NCTM Addenda Series/Grades 9-12
The Park and Planning Commission decided to consider three factors when attempting to improve the daily profits at their sports facility:
❖ The number of all-day admission tickets sold
❖ The cost of operating the facility
❖ The price of each all-day admission ticket
After carefully analyzing their operating costs, they found that it would be impossible to cut them further.
Daily Operating Costs
Advertisements $ 55.00
Employees’ pay 310.00
Heat, lights, taxes, food, rent 435.00
Knowing that the maximum number of potential patrons is 200, the Park and Planning Commission decided to vary the price of each admission ticket to see what effect this change might have on the number of tickets sold. After much experimentation, they collected the following sales data:
Ticket Price [in $] Average Number of Tickets Sold
________________________________________________________________________
5. 158
7 142
9. 119
11 97
1. Using this information, suggest the optimal ticket price for all-day admission to the sports facility. If you feel the need for more information, please explain why.
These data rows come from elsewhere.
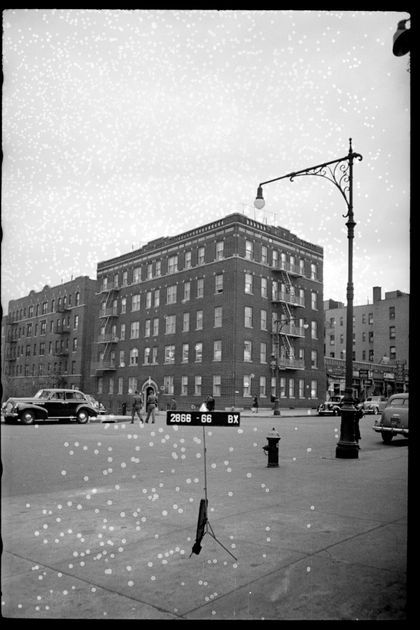 1940s NYC | Street photos of every building in New York City in 1939/1940 1940s Nyc, 1940s New York, Sorry Wrong Number, Breathtaking Photography, Gordon Parks, Wrong Number, Nyc Street, New York Apartment, Vintage New York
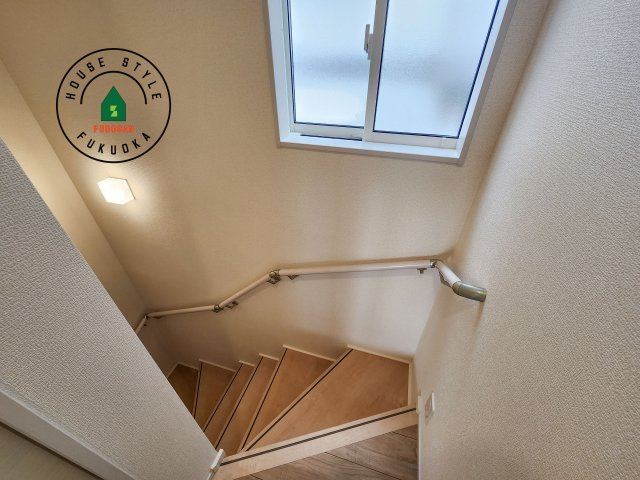 福岡市博多区南八幡町1丁目第1-3棟（2号棟）の内装|＜手すり付階段＞手すりがないと階段の昇り降りで危険なことはもちろん、壁に手をつきながら歩くことで壁紙が汚れやすくなります。すべての方に快適に昇り降りしていただくため、手すりを設置しました。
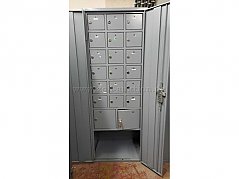 Blick auf den geöffneten Schrank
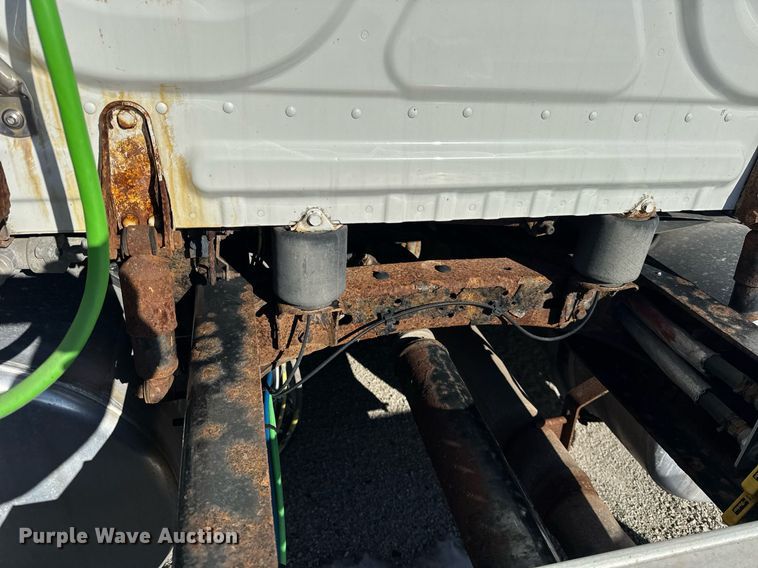 image for item DH9763 2014 Freightliner Cascadia semi truck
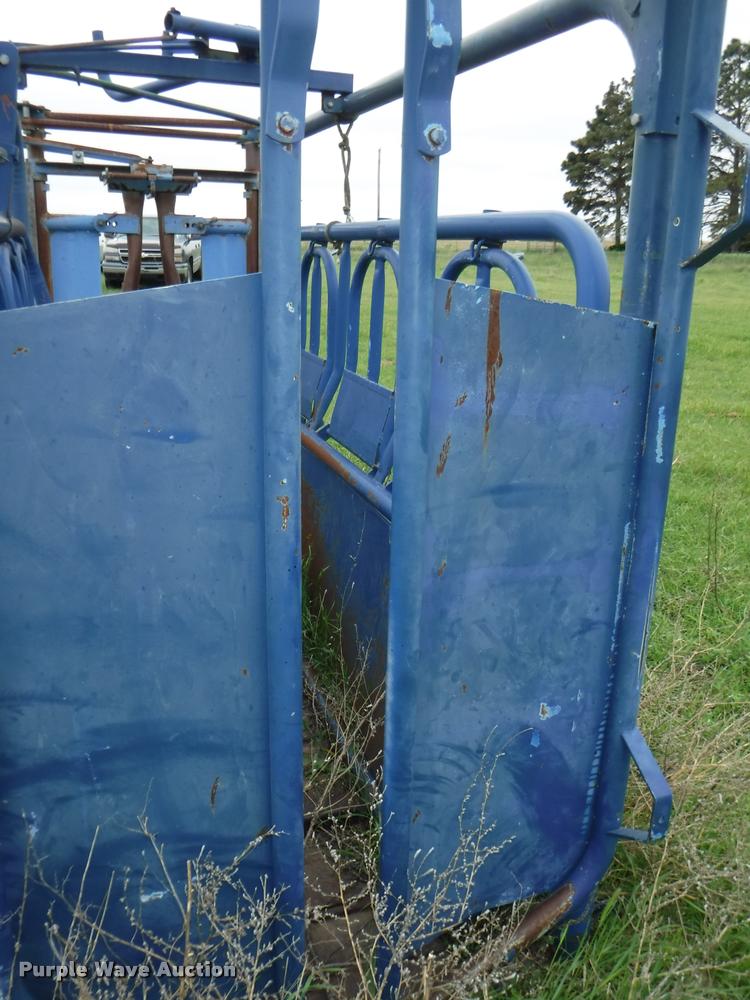 image for item DB3974 Universal cattle squeeze chute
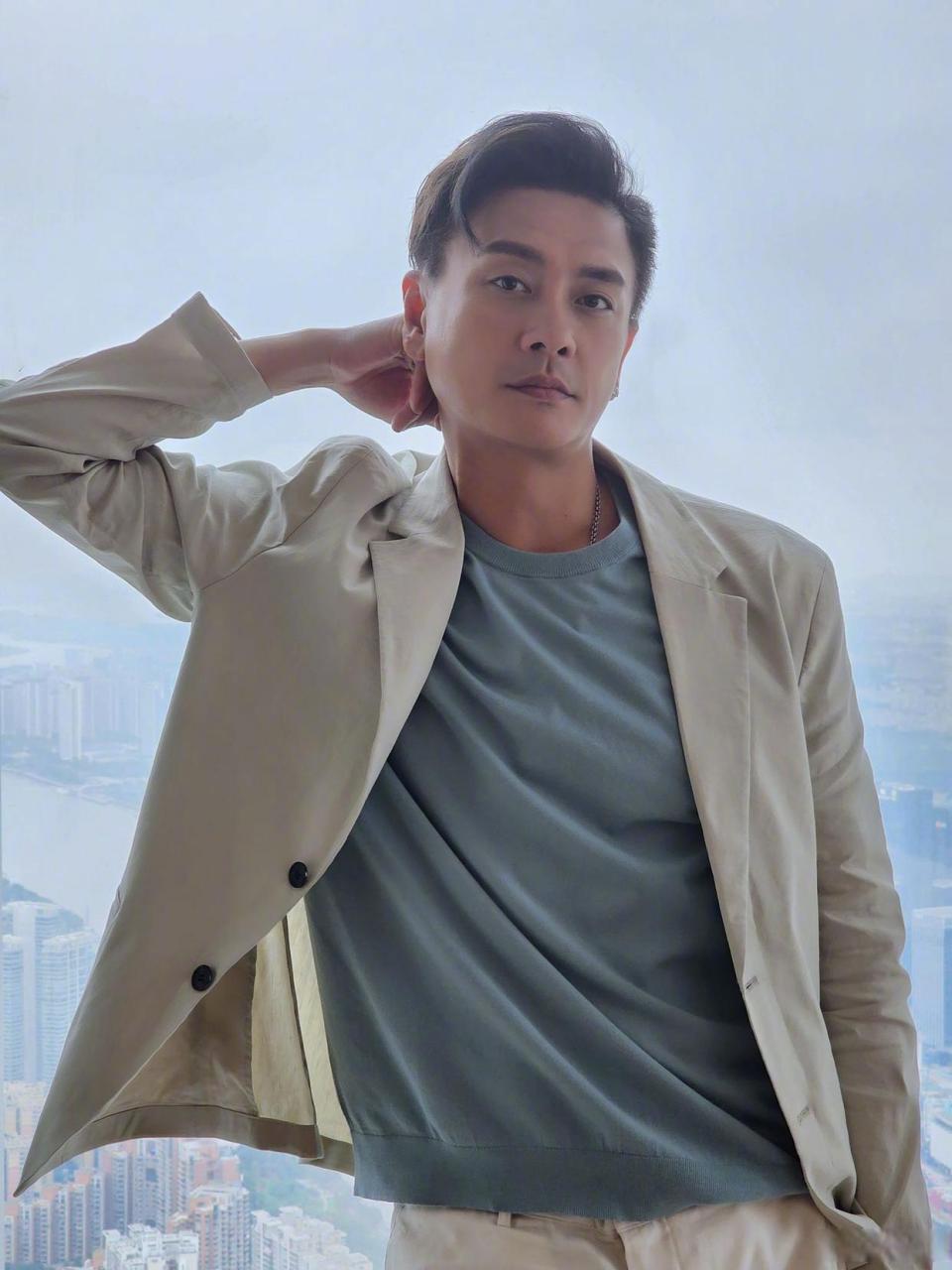 黄宗泽# #痞帅# 站在105楼当然要拍个照啦!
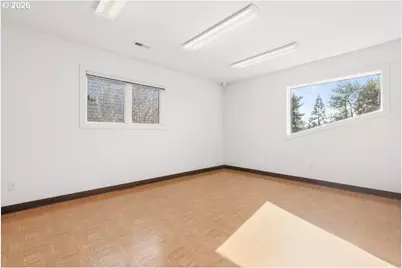 165 N Lotus Beach Dr, Portland, OR 97217 - Photo 27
2. Use a graphing calculator to find the function rule of best fit for the [price, sales] data. Express the number of tickets sold as a function N of the ticket price. That is, N[x} = ?, where x is the price of the ticket. Produce a rough sketch of the [price, sales] data and the fitted function. Do you expect the function to behave like any of the linear, exponential, or rational functions studied so far? If yes, explain your reasoning.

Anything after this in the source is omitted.